Stocks, commodities slide as dollar gains on Fed’s easing debate

Housing Data

An S&P gauge of homebuilders tumbled. Work began on 613,000 one-family houses at an annual rate last month, the most since July 2008 and up 0.8% from December’s 608,000, Commerce Department figures showed today. Total housing starts dropped to a 890,000 rate, less than forecast and restrained by a slump in construction of multifamily units.

Hedge-fund manager David Einhorn said he reduced bets that stocks will rise as equities climbed to a five-year high while U.S. economic growth halted. U.S. gross domestic product shrank at a 0.1% annual rate in the fourth quarter, the first decline since 2009, as a plunge in defense spending swamped gains for consumers.

“As the market continues to advance, even as the economy doesn’t, we tend to become less enthusiastic,” Einhorn said on a conference call today held by his Greenlight Capital Re Ltd. reinsurer. “We took some gains in our long portfolio and added to our shorts.”

Sixteen of the 24 commodities tracked by the S&P GSCI Index retreated, sending the gauge down 1.2% in its biggest loss on a closing basis since November. Gold futures sank 1.6% to $1,578 an ounce, the lowest since June, and retreated for a fifth session in the longest slump since December 2011.
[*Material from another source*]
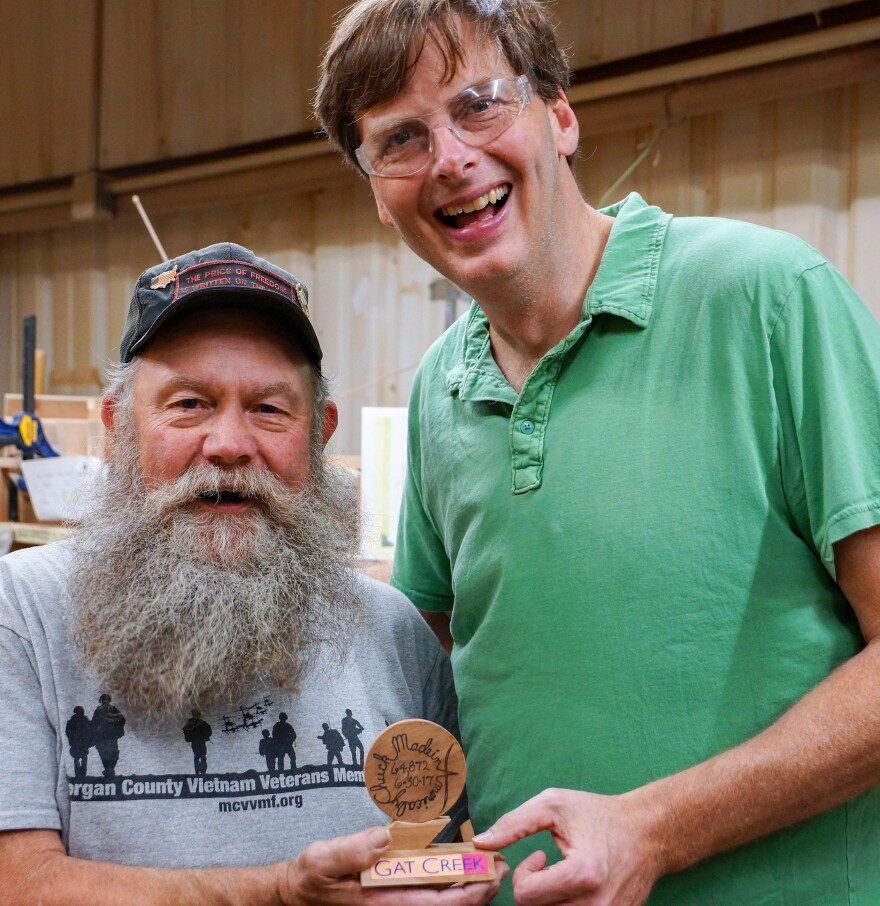 Chuck Hampe and Gat Caperton celebrate Hampe's accomplishments on his final day of work.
Metals and oil extended earlier losses triggered by speculation a struggling hedge fund was selling position.

“There is a rumor that a fund is blowing up,” Stephen Schork, president of the Schork Group Inc. in Villanova, Pennsylvania, said in a telephone interview. Schork has spent 17 years in physical commodity and derivatives trading including stints at Glencore Ltd. and Novarco Ltd., Marc Rich’s last venture in the global energy trading, and his clients include OPEC and major oil companies. “Metals are getting hit and it’s spreading over to oil.”

Treasuries, Europe

Treasury 10-year note yields rose fell two basis points to 2.01%, retreating from near the highest level in 10 months. The dollar was stronger against 14 of 16 major peers.

About three shares gained for every two that fell in the Stoxx Europe 600 Index, even as the gauge retreated 0.3%. Lafarge SA rallied 5.5% in Paris as earnings beat estimates and the world’s biggest cement maker said it’ll meet most of a cost-cutting goal one year early.

RSA Insurance Group Plc sank 14% for the largest drop since 2004 as the U.K.’s biggest non-life insurer by market value cut its dividend by 33%. Deutsche Lufthansa AG declined 6.2% as the German carrier suspended its dividend for the first time since 2010.

Germany’s 10-year bunds declined for the first time in three days, sending yields up three basis points to 1.65%, as demand fell at a 5 billion-euro ($6.69 billion) auction of the euro-region’s benchmark securities. Portugal’s debt rose, sending 10-year yields down two basis points to 6.19%, after the nation sold 1.5 billion euros of three- and 12-month bills.